More Economic Analysis:

Still, most expect that the most recent jobs data is enough to warrant Fed Chairman Jerome Powell pulling the trigger and cutting rates at the Federal Open Market Committee (FOMC) meeting next week.

According to the CME’s closely watched FedWatch tool, the odds of a quarter-percentage point cut to interest rates are 93%. The chances for a larger half-point cut are 8%.

Goldman Sachs predicts CPI inflation hit a new high in August

The CPI’s acceleration from this spring following Trump’s tariff announcements is concerning, but inflation is below 3%, and while that’s above the Fed’s 2% target, it has been mostly manageable because of wage growth.

Related: Morgan Stanley resets forecast on US economy

Despite layoffs increasing and fewer companies hiring workers, real wage growth, or wages adjusted for inflation, remains positive.  According to the Bureau of Labor Statistics, real hourly earnings rose 1.2% year-over-year in July, and alongside an increase in the average workweek, real average weekly earnings were up 1.4%.

So far, wages have outpaced inflation, but that could become more challenging based on Goldman Sachs’ estimates for August’s CPI inflation report.

“We expect a 0.37% increase in headline CPI (vs. +0.3% consensus), reflecting higher food (+0.35%) and energy (+0.6%) prices,” wrote Goldman Sachs economists in a research note. “This corresponds to a year-over-year rate of 2.9%.”

Core CPI inflation, which excludes volatile energy and food, is also expected to increase.

“We expect a 0.36% increase in August core CPI (vs. +0.3% consensus), corresponding to a year-over-year rate of 3.13% (vs. +3.1% consensus).
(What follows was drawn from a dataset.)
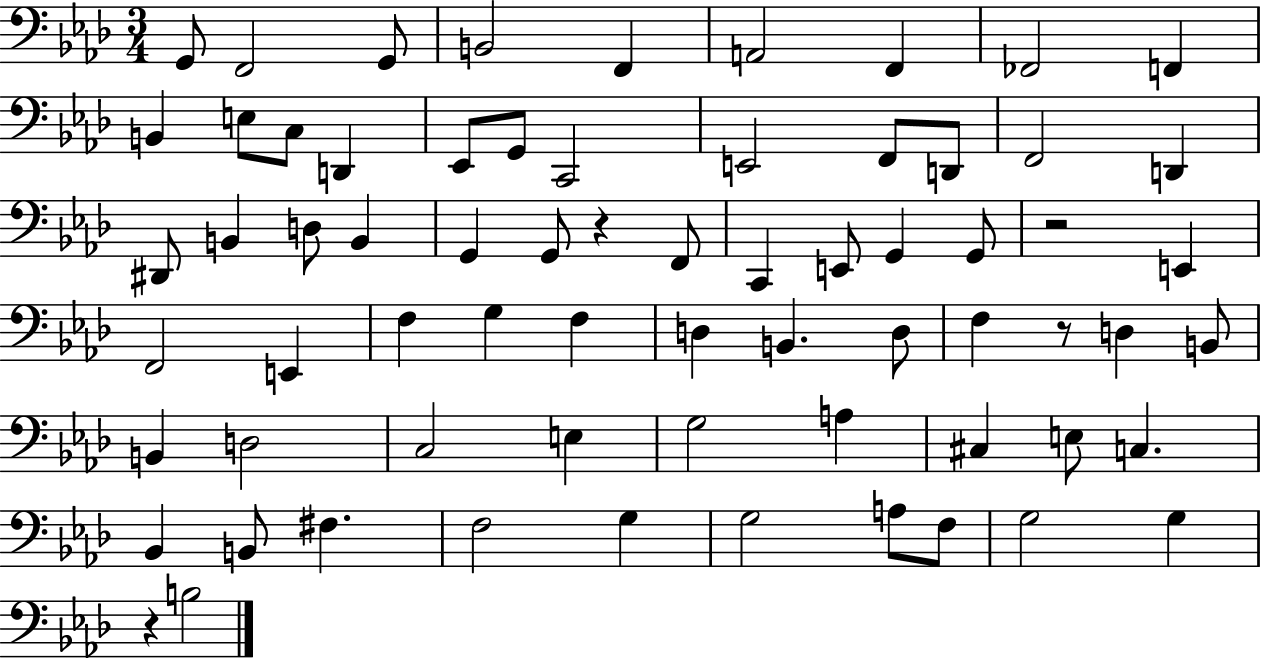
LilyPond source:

We expect a 0.37% increase in headline CPI (vs. +0.3% consensus), reflecting higher food (+0.35%) and energy,” said the analysts.

Goldman Sachs cites four reasons why inflation rose in August:

  • Used car prices up 1.2% because of increases in auction prices and fewer dealer incentives on new cars.
  • Car insurance up 0.4% based on higher premiums.
  • Airline ticket prices up 3%.
  • Higher prices for industries most impacted by tariffs, including communication, household furnishings, and recreation.

Goldman Sachs isn’t alone in thinking that inflation is worsening. Bank of America also expects CPI inflation to climb to 2.9%, which matches the consensus Wall Street estimate.